Functional interaction between InsP3 receptors and store-operated Htrp3 channels

Calcium ions are released from intracellular stores in response to agonist-stimulated production of inositol 1,4,5-trisphosphate (InsP3), a second messenger generated at the cell membrane. Depletion of Ca2+ from internal stores triggers a capacitative influx of extracellular Ca2+ across the plasma membrane1,2. The influx of Ca2+ can be recorded as store-operated channels (SOC) in the plasma membrane or as a current known as the Ca2+-release-activated current (Icrac)3,4,5. A critical question in cell signalling is how SOC and Icrac sense and respond to Ca2+-store depletion: in one model, a messenger molecule is generated that activates Ca2+ entry in response to store depletion1,6; in an alternative model7, InsP3 receptors in the stores are coupled to SOC and Icrac.

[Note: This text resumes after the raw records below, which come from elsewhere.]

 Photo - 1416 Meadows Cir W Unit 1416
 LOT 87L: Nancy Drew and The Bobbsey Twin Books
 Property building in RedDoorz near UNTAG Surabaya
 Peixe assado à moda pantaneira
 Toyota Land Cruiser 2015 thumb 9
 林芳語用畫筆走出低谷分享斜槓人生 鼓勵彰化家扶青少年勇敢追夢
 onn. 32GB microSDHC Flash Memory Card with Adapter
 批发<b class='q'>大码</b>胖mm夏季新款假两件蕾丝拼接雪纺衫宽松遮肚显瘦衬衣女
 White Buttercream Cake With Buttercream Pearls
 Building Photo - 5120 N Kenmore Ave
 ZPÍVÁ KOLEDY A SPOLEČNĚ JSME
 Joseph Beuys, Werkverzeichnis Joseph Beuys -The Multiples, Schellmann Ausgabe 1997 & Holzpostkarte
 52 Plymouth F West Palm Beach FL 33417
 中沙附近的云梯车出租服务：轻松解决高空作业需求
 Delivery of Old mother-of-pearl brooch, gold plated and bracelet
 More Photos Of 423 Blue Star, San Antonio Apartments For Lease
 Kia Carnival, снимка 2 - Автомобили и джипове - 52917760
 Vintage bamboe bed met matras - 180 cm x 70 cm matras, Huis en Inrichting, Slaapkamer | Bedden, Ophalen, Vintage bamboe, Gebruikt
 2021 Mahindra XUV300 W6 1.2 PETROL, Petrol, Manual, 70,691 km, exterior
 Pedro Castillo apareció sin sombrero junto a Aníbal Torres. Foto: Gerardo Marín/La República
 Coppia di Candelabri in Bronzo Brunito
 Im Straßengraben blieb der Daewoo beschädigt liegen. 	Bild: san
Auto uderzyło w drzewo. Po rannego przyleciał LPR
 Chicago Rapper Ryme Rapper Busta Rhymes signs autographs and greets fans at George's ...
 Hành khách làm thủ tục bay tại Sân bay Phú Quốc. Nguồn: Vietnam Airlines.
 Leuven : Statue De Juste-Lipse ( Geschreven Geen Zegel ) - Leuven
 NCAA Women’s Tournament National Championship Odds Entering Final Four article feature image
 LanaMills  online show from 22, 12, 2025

The mammalian Htrp3 protein8 forms a well defined store-operated channel8,9 and so provides a suitable system for studying the effect of Ca2+-store depletion on SOC and Icrac. We show here that Htrp3 channels stably expressed in HEK293 cells are in a tight functional interaction with the InsP3 receptors. Htrp3 channels present in the same plasma membrane patch can be activated by Ca2+ mobilization in intact cells and by InsP3 in excised patches. This activation of Htrp3 by InsP3 is lost on extensive washing of excised patches but is restored by addition of native or recombinant InsP3-bound InsP3 receptors. Our results provide evidence for the coupling hypothesis7, in which InsP3 receptors activated by InsP3 interact with SOC and regulate Icrac.